* **To do**:
Starting with the line that contains "Zachary basketball highlights", give again exactly and only each line through the end of the records; include the last line and exclude pictures.

Dataset entries
== Segment start ==
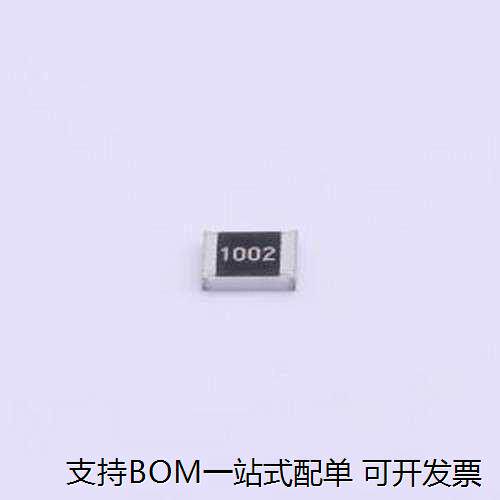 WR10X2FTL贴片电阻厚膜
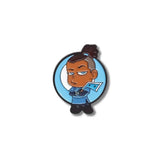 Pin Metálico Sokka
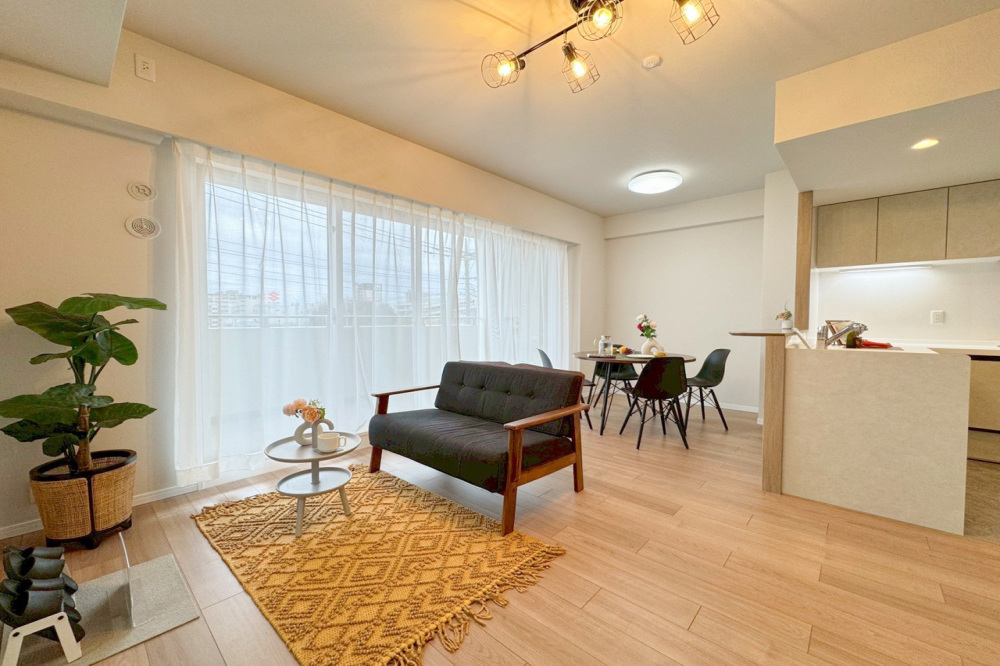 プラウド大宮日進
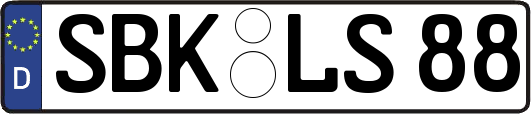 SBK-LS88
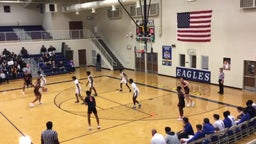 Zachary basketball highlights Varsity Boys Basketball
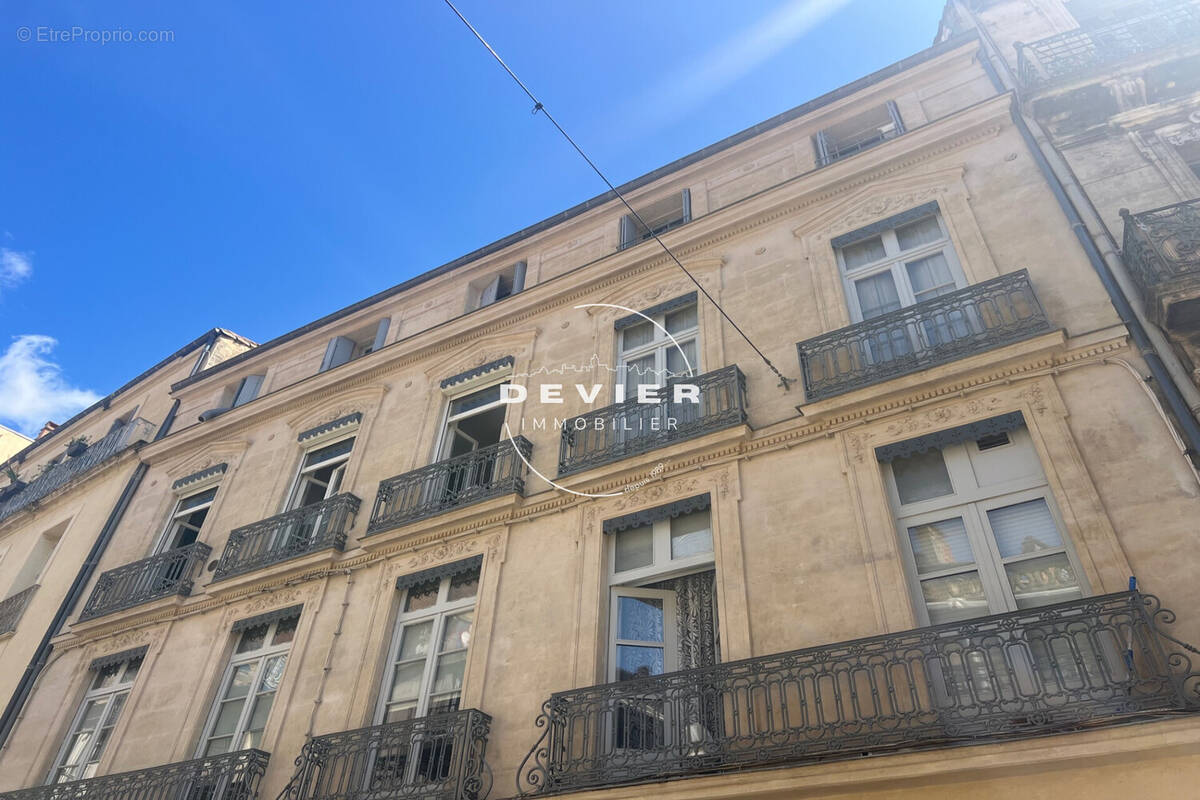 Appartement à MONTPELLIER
== Segment end ==
* **Response**:
 Zachary basketball highlights Varsity Boys Basketball
 Appartement à MONTPELLIER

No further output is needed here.